As the curtain rises on Act II, we meet Private Willis of the Grenadier Guards, who sings about how every boy and every girl is born either “a little liberal or a little conservative” and that when Parliament meets, they leave their brains outside and vote the way their leaders tell them to. Does this sound familiar? Think about what the Tea Party has wrought in the House of Representatives and the Senate. Brains have indeed been left outside the door. Strephon explains to Phyllis that he is part fairy, which leads Phyllis to muse that if she ever sees him with a young, attractive woman, well, it has to be one of his aunts. Now Strephon asks his mother to persuade the Lord Chancellor to release Phyllis, but Iolanthe says that because she was his wife (the Lord Chancellor thinks she’s dead), she can’t. But she pleads her son’s case, anyway, in disguise. No luck. Though the Lord Chancellor is glad to see his fairy wife is alive, Iolanthe has broken the law again. Marriage to a mortal is still a capital offense, even though all the other fairies have been flirting with the Lords. Now the fairies are all “fairy duchesses, marchionesses, countesses, vicountesses, and baronesses.” Are they all to be put to death? Iolanthe is about to be banished again when the Lord Chancellor—who used to be a very crafty clerk—finds a way to change the fairy law. “The subtleties of the legal mind are equal to this emergency,” he says. “The thing is really quite simple—the insertion of a single word. Let it stand that every fairy shall die who doesn’tmarry a mortal….” And every Lord promptly sprouts fairy wings. To save her own life, the Fairy Queen marries Private Willis, and they all fly away to fairyland. And how does all this nonsense apply to politics in the U.S. in 2012? Four ways.

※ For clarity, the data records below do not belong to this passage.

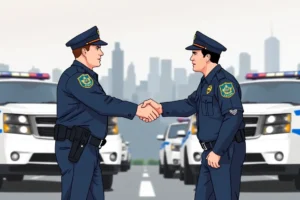 What Is a Lateral Police Officer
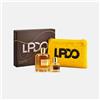 LPDO Cofanetto Superbe Cafe Eau de Parfum 30ml / 100ml + Pochette + Travel Size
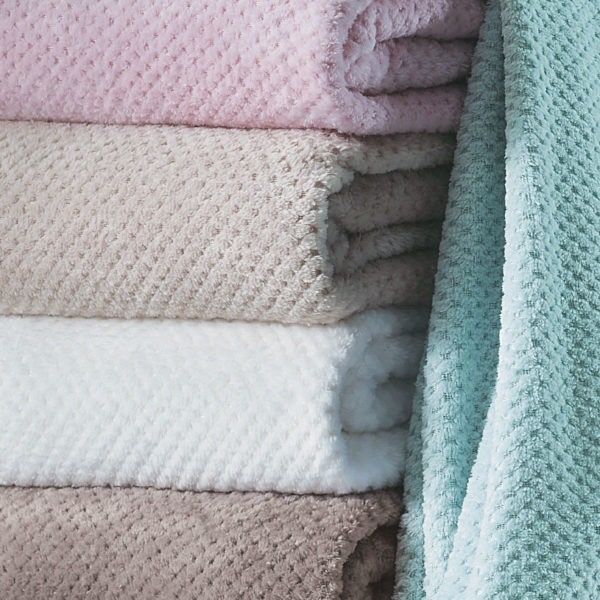 Пледы Tivolyo Home Favo soft(Турция)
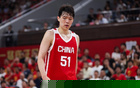 现场｜解题者杨瀚森，变成出给中国男篮的一道题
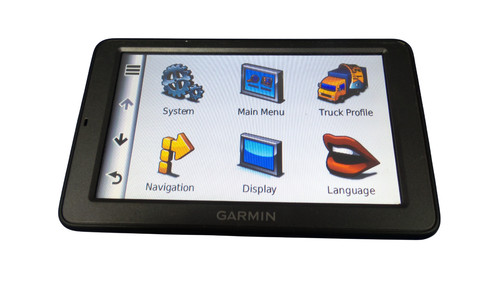 Garmin dezl 560 - 560, navigatore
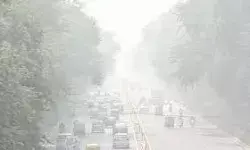 ठंड और घने कोहरे ने बढ़ाई लोगों की मुश्किलें ठंड और घने कोहरे ने बढ़ाई लोगों की मुश्किलें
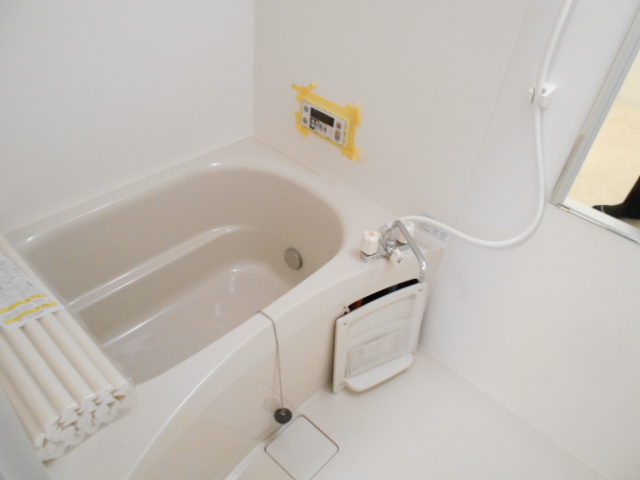7/23 浴室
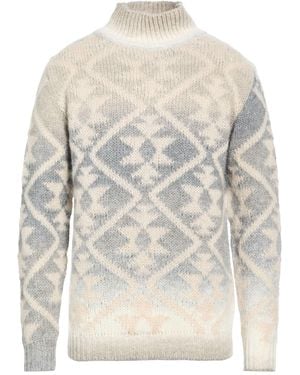 Dondup Rollkragenpullover - Weiß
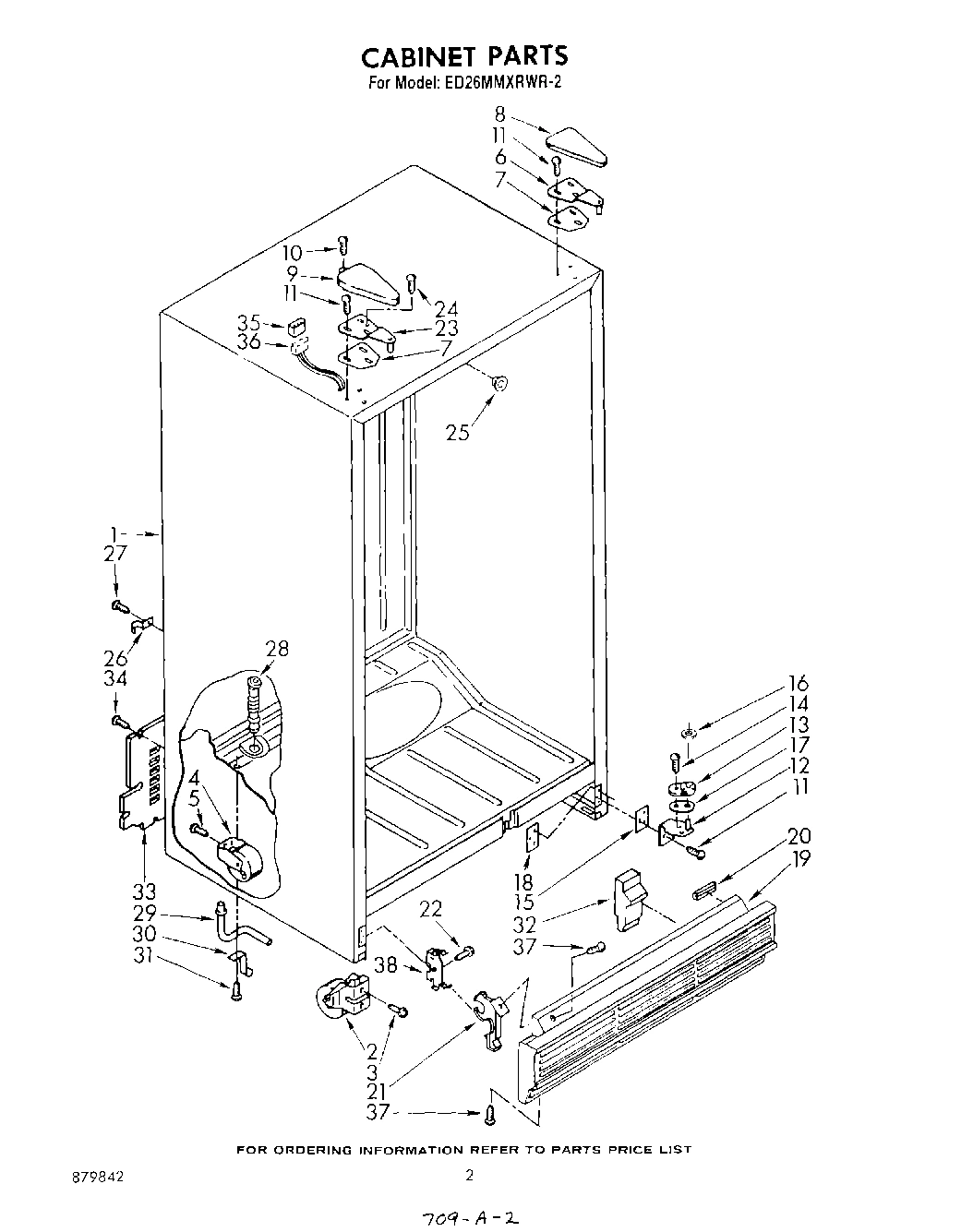 02 - CABINET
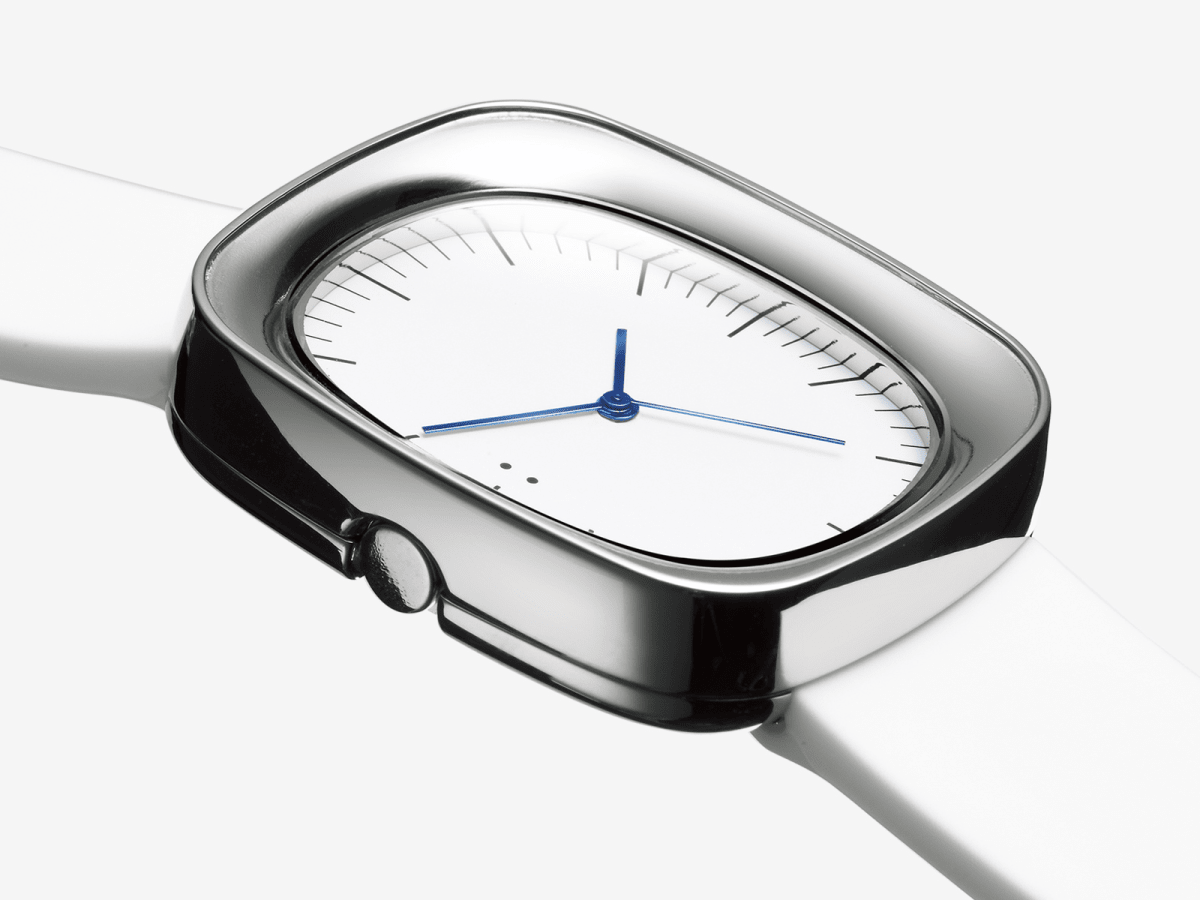 【値下げ】10:10 BY NENDO WATCH FACE WHITE 【値下げ】10:10 BY NENDO WATCH FACE WHITE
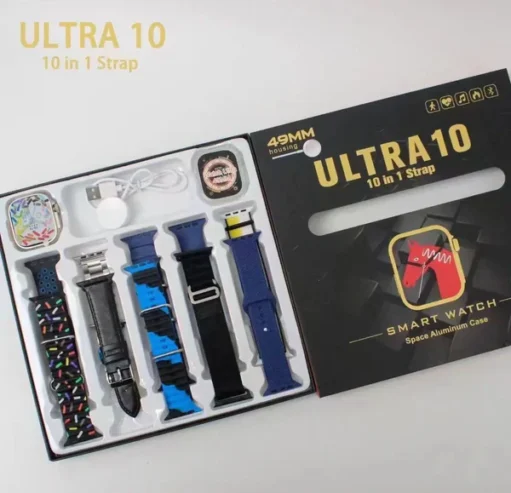 Ultra 10 smartwatch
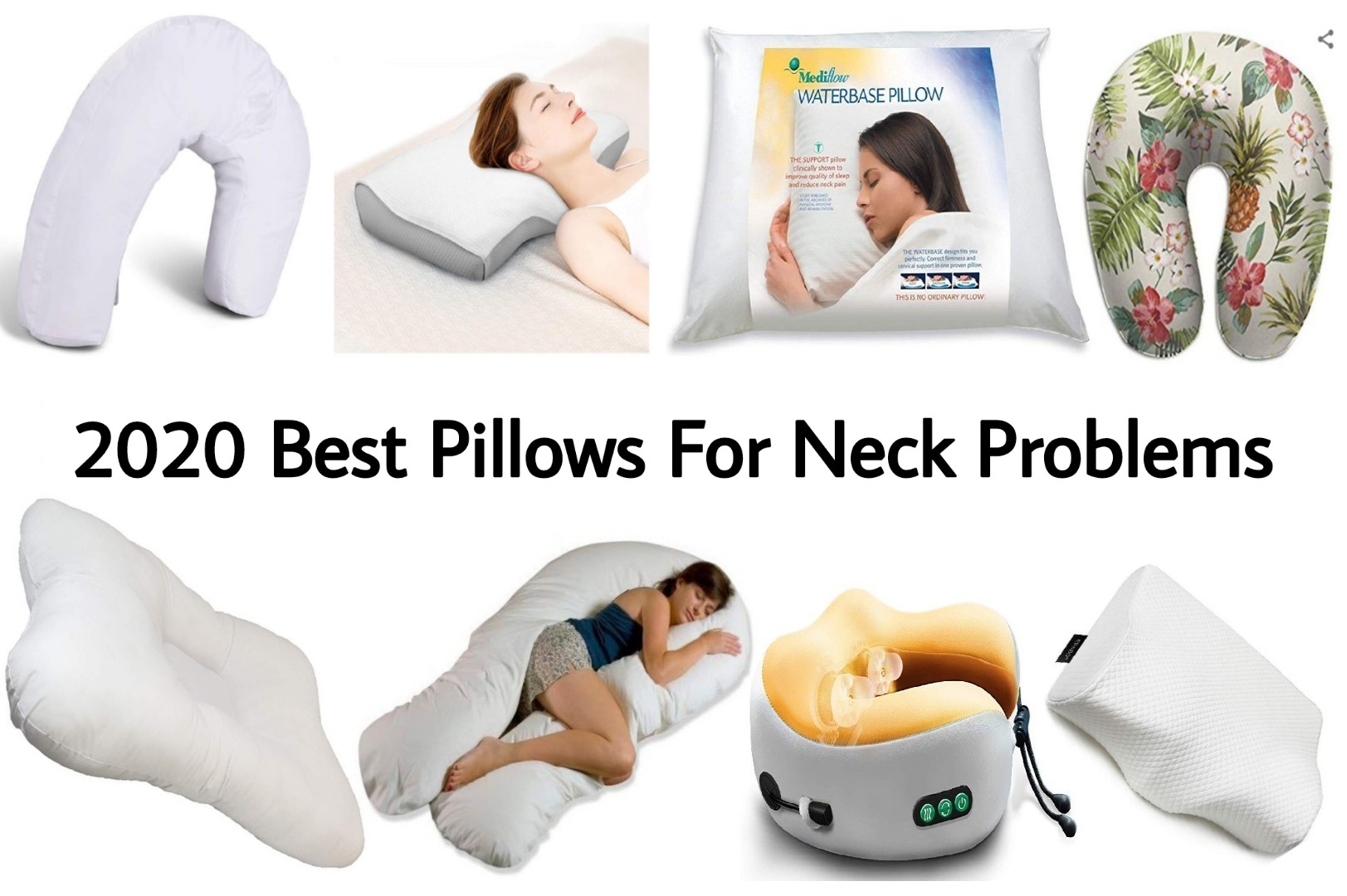 best pillow for stiff neck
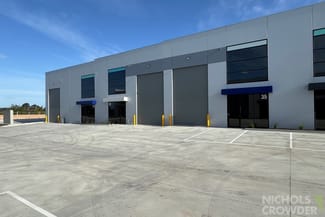 Factory, Warehouse & Industrial commercial property leased at 34/10 Speedwell Street Somerville VIC 3912 Factory, Warehouse & Industrial commercial property leased at 34/10 Speedwell Street Somerville VIC 3912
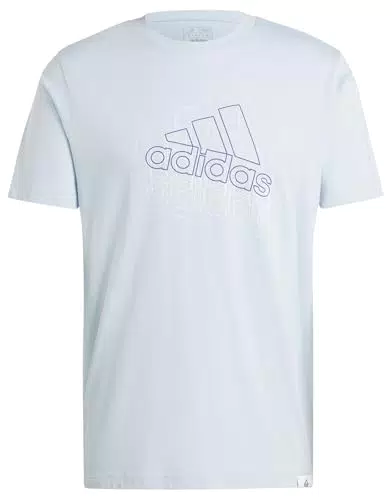 Adidas Tech BOS Graphic Tee Uomo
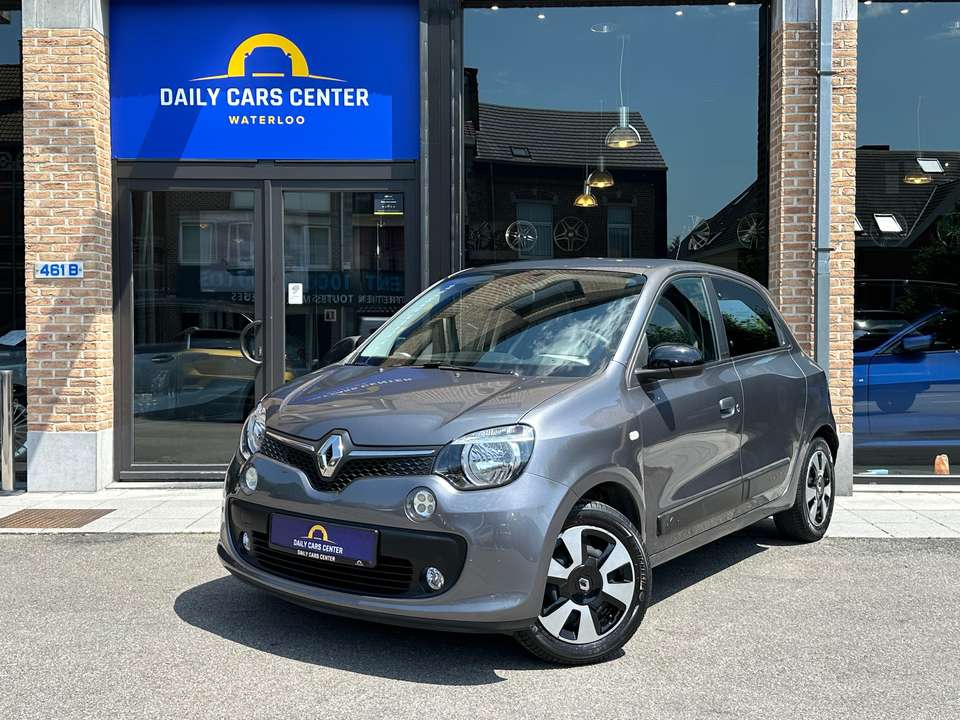 Renault Twingo - Imagem 1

First, Private Willis sings that “I often think it’s comical…/How Nature always does contrive…/ That every boy and every gal/ That’s born into the world alive/ Is either a little Liberal/ Or else a little Conservative!” This suggests to me that it would be good to have some liberal-conservative amity. Maybe some mating, too! There’s good to be found in liberalism, also in conservatism. If they mate, maybe they’ll produce a child with the best points of both philosophies. We can consider this either metaphorically or literally.

Second, let’s institute that competitive examination for people running for both the U.S. House of Representatives and the U.S. First, give them an I.Q. test. Then a simple multiple-choice test. First question: The year we are living in is (a) 1929, (b) 1954, (c) 1984, (d) none of the above.

Third, as every pagan knows, the humans and animals we see walking upon the planet today are not the only sentient beings here. There are invisible beings. Some are fairies, or the Faery. They don’t look like Gilbert’s fairies “tripping hither, tripping thither,” nor like Shakespeare’s Oberon and Titania. They’re not little twinkly folks. They’ve almost been wiped out, but some still live in hidden places, and they’re not called the Good Neighbors for nothing. I bet they’re really pissed off by global warming, monoculture farms, and strip mines and fracking. We need to be nice to them. Let’s arrange some meetings between the Good Neighbors and the Tea Partiers and see what happens to the latter. With any luck, the Good Neighbors will find them entertaining (or tasty) and they’ll be flown off to Faery Land and we can get back to running the country in a more civilized, kinder way.   Finally, Gilbert’s Fairy Queen is not a wispy little Hallmark babe but a substantial contralto with a powerful voice and presence. Women are 51 percent of the U.S. population Let’s elect more smart, powerful women to government, local, state, and federal. We need more Fairy Queens in charge.